Frontier was quick to expand in Denver, utilizing Boeing 737 aircraft as well as leasing both Airbus A318 and A319 aircraft. It made the decision in 2001 to include DirectTV service in-flight, as well as quickly becoming an all-Airbus airline after retiring its Boeing 737s. In a bid to expand even quicker, Frontier signed an 11-year deal in 2007 with Republic Airlines to offer regional service on-board the Embraer 170 aircraft.
However, due to some issues with its credit processing company, First Data, Frontier unexpectedly declared bankruptcy in April of 2008. This was due to First Data demanding more cash collateral during a difficult time in the market. Frontier was able to declare Chapter 11 bankruptcy to provide protection against this surge in required collateral, but not without an interesting twist. Frontier’s partner, Republic Airways, put out a bid to buy out the airline for a cool $108 million. To add to the drama, Southwest Airlines jumped in, saying that it wanted to purchase the carrier as well and eventually fold it into the growing Dallas-based airline. Finally in August of 2009 it was announced that Republic Airways had won the bidding war, and Frontier was purchased and quickly merged along with Republic’s other purchase, Midwest Airlines.
The airline began going through a difficult period as Republic realized that Frontier’s mainline routes were not its “bread and butter” system, as it preferred its regional operations. Republic slowly began transforming the carrier from a low-cost carrier into an ultra low-cost carrier.
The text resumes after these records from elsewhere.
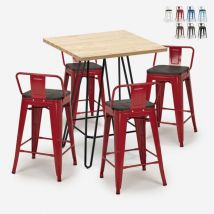 Set 4 sgabelli tavolino industriale alto legno metallo 60x60cm mason steel top Colore: Rosso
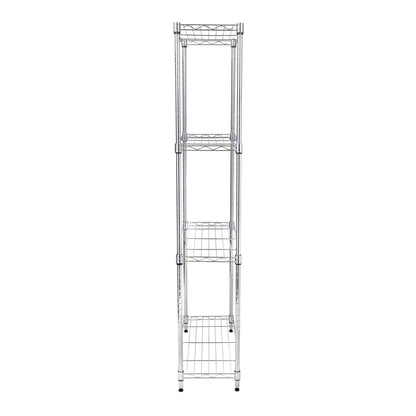 Chrome Steel 4-Tier Slim Profile Shelving Unit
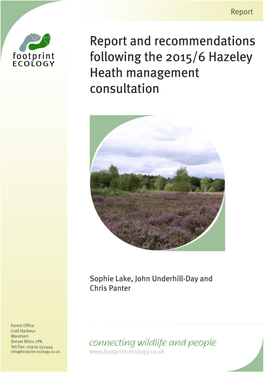 Hazeley Heath Consultation Report.Pdf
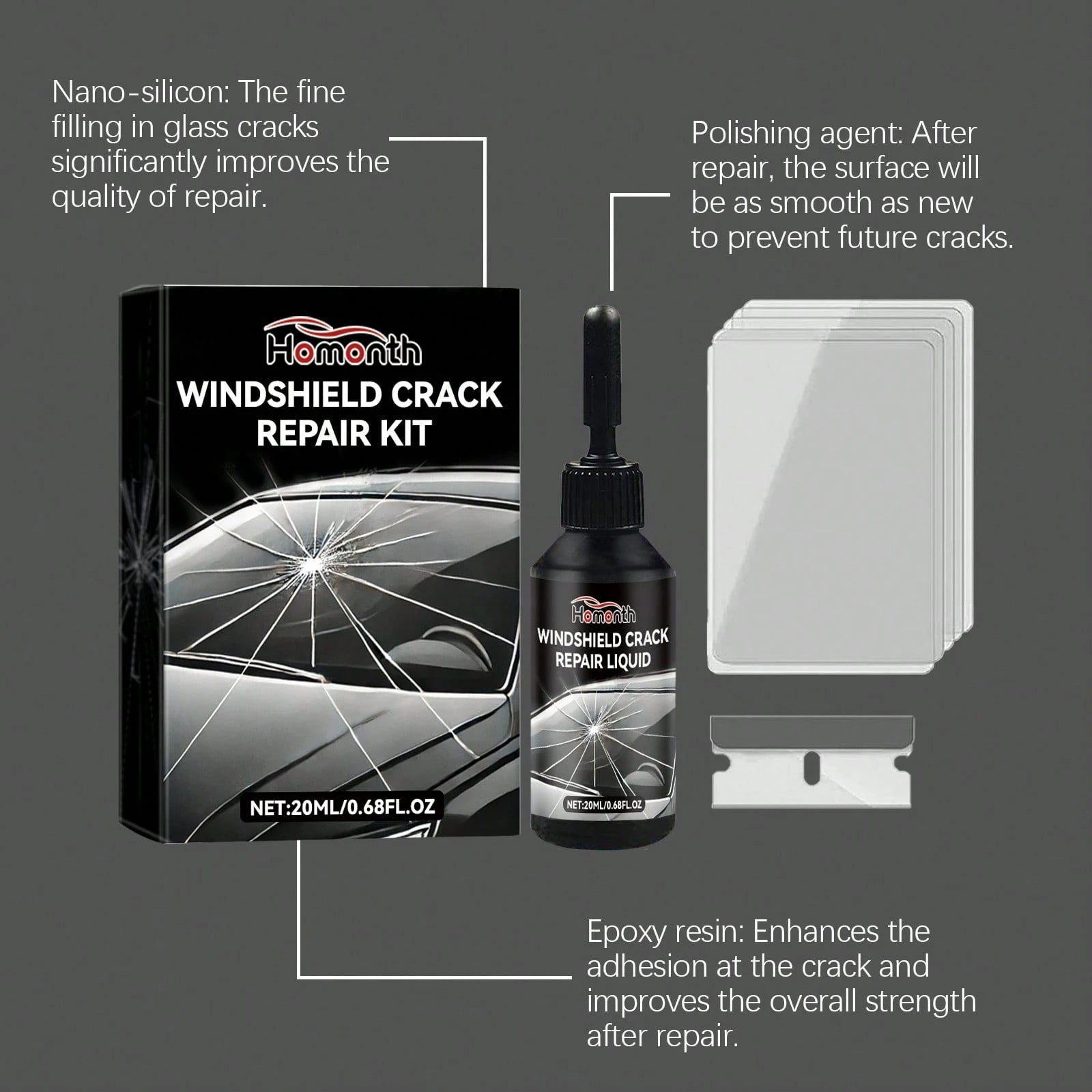 Car Windshield Crack Repair Fluid Diy Vehicle Window Glass Star-Shaped Crack Scratch Restore Quick Fix Nano Sealer Invisible Crack Protect Car Accessories Set With Blades And Curing Film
This meant that the airline would charge rock-bottom fares coupled with fees for all additional bags and snacks. After several years of Frontier being controlled by Republic Airways, it was announced in October of 2013 that private equity firm Indigo Partners would be purchasing the airline, and began further accelerating the move to becoming an ultra low-cost carrier.
Trial and Error at Hub Cities
Staying true to its roots, Frontier has found great success in its hub at Denver International Airport. However, the airline has experimented with several other small hubs across the nation. In 2012, Frontier announced that it would begin operating flights to Trenton-Mercer Airport, an airport that at time had no commercial air service. The plan was for the airport to compete with carriers at the nearby Philadelphia International and Newark International.
In 2013, Frontier took its plan one step further and announced service to New Castle Airport in Wilmington, Delaware, again to compete with service to Philadelphia. Unfortunately only a few years later, Frontier determined that flights to New Castle were not profitable and ended all service, as well as reduced service to Trenton in favor of more flights to Philadelphia.
Frontier has also begun experimenting with building more service to fill unique voids, such as Cleveland, OH and Orlando, FL. Cleveland was once a hub for Continental and later United Airlines before being de-hubbed in 2014. Orlando has become a great city for Frontier as tourists have flocked to find low-cost travel to entertainment venues such as Disney World and Universal Studios. Most recently Frontier has also begun offering service from Atlanta, going head-to-head with Delta Air Lines.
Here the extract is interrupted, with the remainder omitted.